§ What to work on: In the records below, find the line with "Genuine Jade and Onyx beaded necklace"; retype that line and all the following lines through the end, exactly, and add nothing.

§ Exercise input:
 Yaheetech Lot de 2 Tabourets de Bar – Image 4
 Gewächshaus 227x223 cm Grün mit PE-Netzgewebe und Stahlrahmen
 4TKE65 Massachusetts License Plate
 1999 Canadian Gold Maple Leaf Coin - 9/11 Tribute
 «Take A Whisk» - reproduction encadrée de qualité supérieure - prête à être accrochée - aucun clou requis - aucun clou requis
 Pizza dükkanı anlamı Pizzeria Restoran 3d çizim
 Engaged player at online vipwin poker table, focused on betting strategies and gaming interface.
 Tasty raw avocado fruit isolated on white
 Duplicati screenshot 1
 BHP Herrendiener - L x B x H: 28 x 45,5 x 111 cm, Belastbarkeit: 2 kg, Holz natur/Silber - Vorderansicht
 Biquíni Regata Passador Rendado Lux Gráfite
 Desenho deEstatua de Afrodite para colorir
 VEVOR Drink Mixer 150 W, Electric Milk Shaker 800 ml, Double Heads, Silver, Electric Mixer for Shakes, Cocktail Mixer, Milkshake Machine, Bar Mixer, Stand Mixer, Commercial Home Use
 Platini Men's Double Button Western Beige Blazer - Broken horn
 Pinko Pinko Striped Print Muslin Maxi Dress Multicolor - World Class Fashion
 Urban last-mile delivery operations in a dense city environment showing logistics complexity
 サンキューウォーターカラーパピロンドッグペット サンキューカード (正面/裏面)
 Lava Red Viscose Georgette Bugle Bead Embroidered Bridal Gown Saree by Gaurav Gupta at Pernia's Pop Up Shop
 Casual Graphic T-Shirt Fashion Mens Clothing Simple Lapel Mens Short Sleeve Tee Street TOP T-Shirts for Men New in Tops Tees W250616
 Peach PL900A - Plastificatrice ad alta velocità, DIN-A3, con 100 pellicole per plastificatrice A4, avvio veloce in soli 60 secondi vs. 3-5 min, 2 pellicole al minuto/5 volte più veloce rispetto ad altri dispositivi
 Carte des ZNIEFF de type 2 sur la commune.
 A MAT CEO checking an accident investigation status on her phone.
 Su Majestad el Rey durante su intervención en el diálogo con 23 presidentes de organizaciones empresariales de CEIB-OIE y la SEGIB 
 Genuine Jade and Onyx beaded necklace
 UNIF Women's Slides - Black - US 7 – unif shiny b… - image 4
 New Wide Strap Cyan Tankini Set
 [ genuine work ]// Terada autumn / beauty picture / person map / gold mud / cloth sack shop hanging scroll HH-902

§ Exercise output:
 Genuine Jade and Onyx beaded necklace
 UNIF Women's Slides - Black - US 7 – unif shiny b… - image 4
 New Wide Strap Cyan Tankini Set
 [ genuine work ]// Terada autumn / beauty picture / person map / gold mud / cloth sack shop hanging scroll HH-902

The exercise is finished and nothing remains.